Task statement
Which lines run from the one containing "[Gameplay] WHERE THE" through the last line of the records? Copy them exactly, leaving pictures out.

Exercise materials
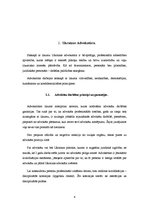 Konspekts 'Krievijas Federācijas prokuratūras un Ukrainas advokatūras salīdzinājums ar Latv', 6.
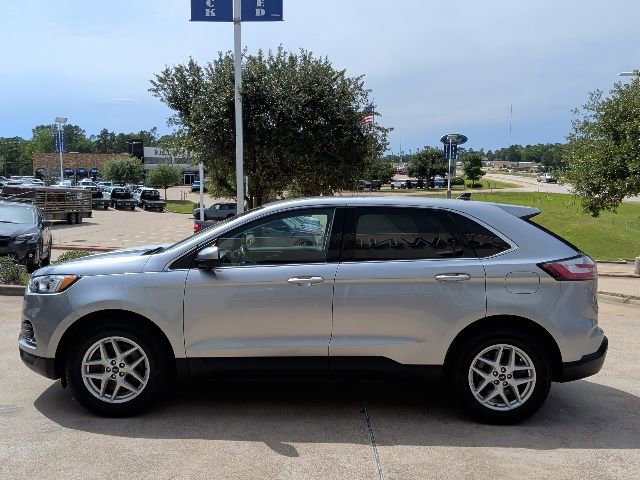 Certified 2022 Ford Edge SEL AWD/4WD image 6
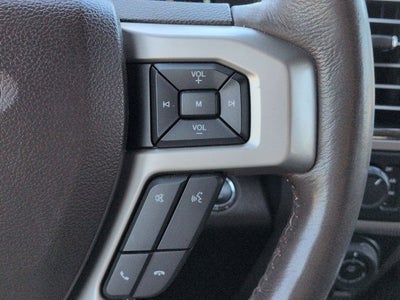 2016 Ford F-150 King Ranch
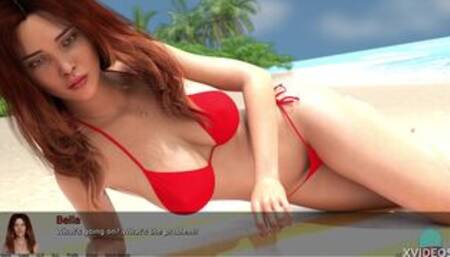 [Gameplay] WHERE THE HEART IS #261 • Wet, shiny and glistening pussy is best pussy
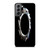 OAKLEY METAL LOGO Samsung Galaxy S21 Plus Case Cover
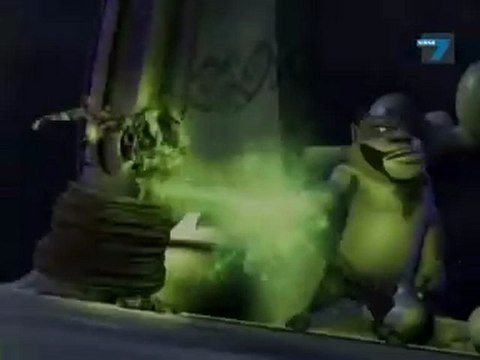 Так и силата Жу-Жу 13.04.2012 Бг Аудио Цял Епизод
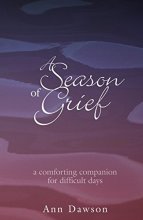 Cover art for A Season of Grief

Solution to the problem
 [Gameplay] WHERE THE HEART IS #261 • Wet, shiny and glistening pussy is best pussy
 OAKLEY METAL LOGO Samsung Galaxy S21 Plus Case Cover
 Так и силата Жу-Жу 13.04.2012 Бг Аудио Цял Епизод
 Cover art for A Season of Grief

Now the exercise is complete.